What the exercise asks - From the listing below, give again exactly the lines from the line with "indianroxy online show from 11-11-25, 06:46" to the line with "Carlos Viana Naldinho", ends included, without any pictures.

Data for the task -
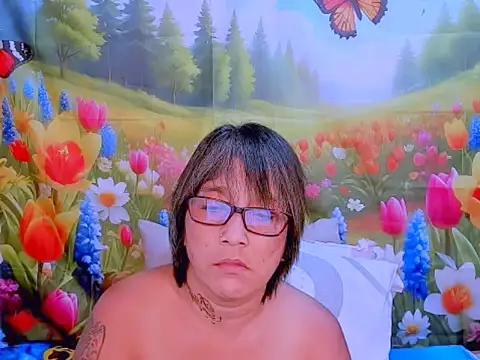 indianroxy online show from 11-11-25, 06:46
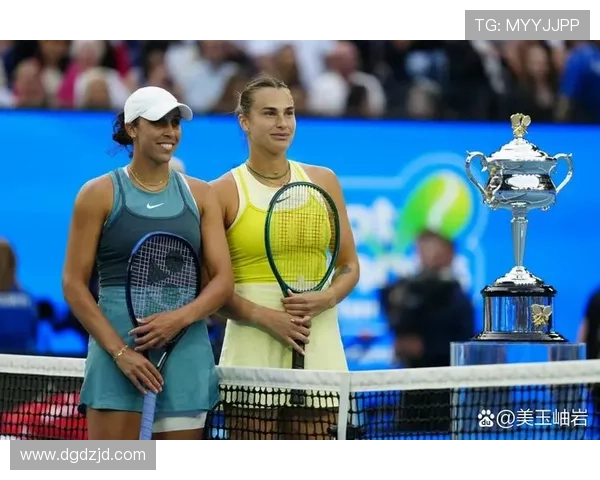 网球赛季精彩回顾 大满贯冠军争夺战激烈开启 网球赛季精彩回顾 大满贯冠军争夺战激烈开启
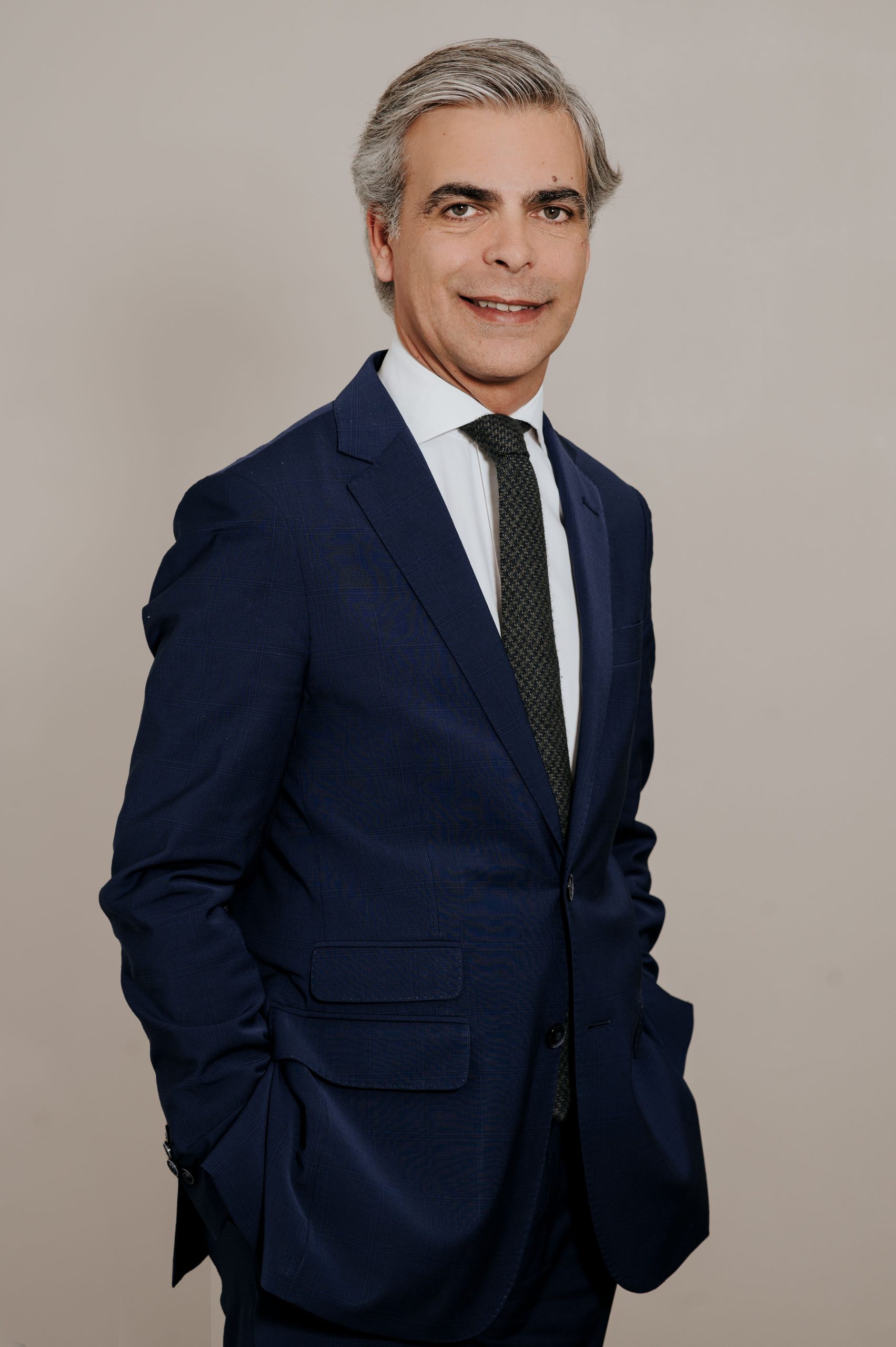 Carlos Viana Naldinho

==

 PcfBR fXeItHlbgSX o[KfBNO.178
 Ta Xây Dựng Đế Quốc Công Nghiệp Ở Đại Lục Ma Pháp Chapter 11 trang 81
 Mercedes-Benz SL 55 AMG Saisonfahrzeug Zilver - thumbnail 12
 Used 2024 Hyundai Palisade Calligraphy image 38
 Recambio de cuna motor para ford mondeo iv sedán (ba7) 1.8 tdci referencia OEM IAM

---

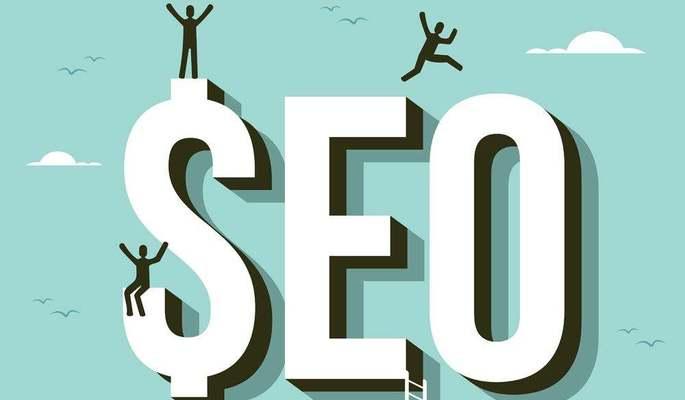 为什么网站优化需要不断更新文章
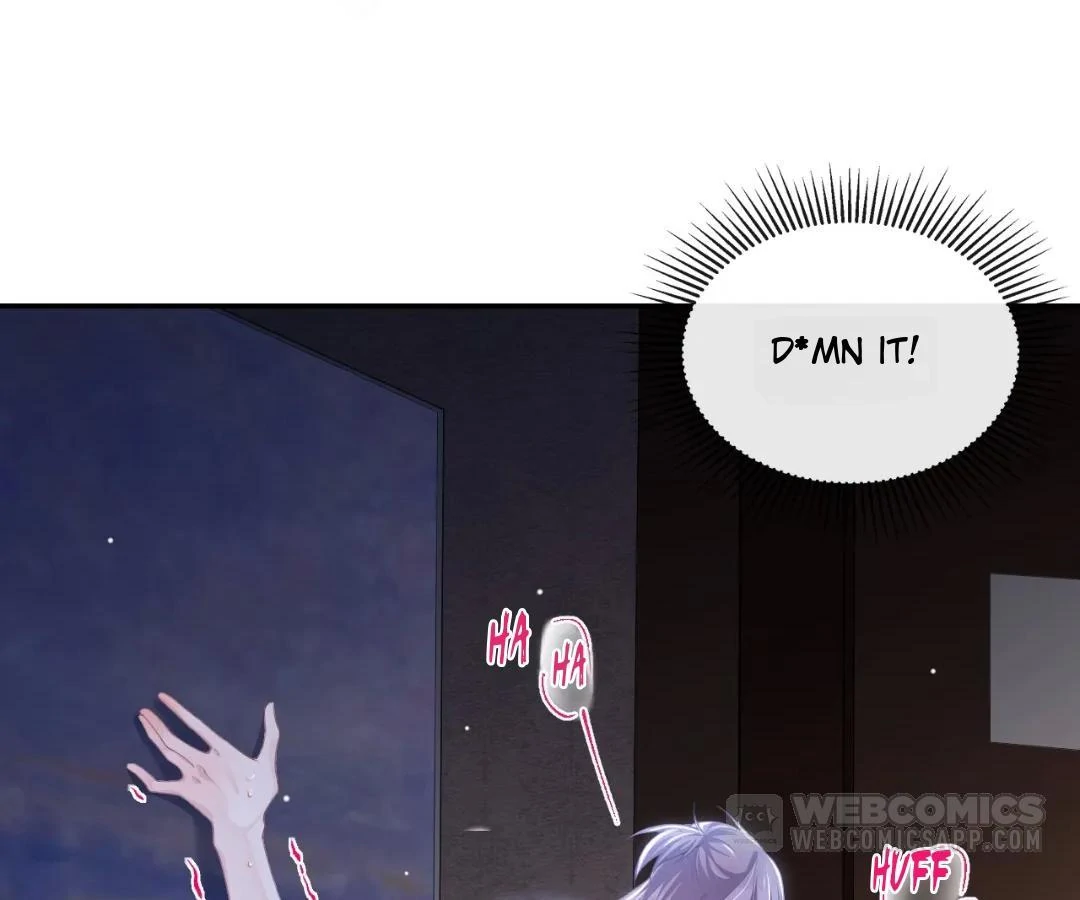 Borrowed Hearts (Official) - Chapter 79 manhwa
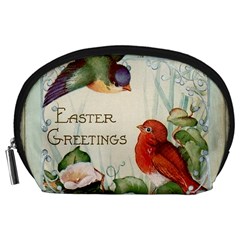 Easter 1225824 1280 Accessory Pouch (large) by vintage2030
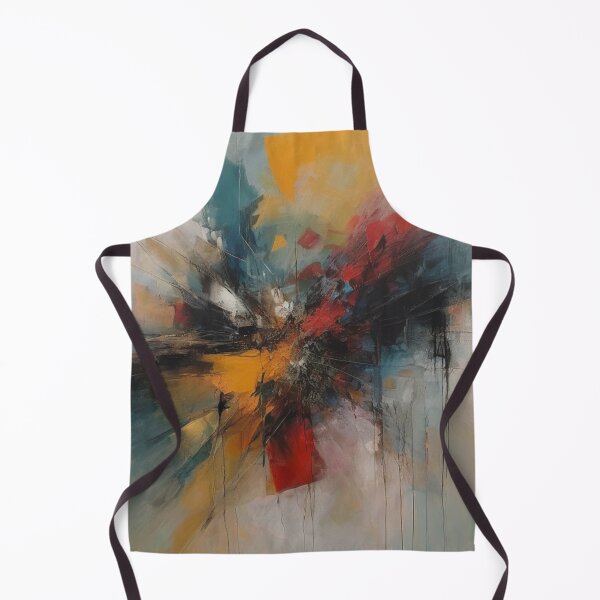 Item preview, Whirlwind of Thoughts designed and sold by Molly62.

Expected answer -
 indianroxy online show from 11-11-25, 06:46
 网球赛季精彩回顾 大满贯冠军争夺战激烈开启 网球赛季精彩回顾 大满贯冠军争夺战激烈开启
 Carlos Viana Naldinho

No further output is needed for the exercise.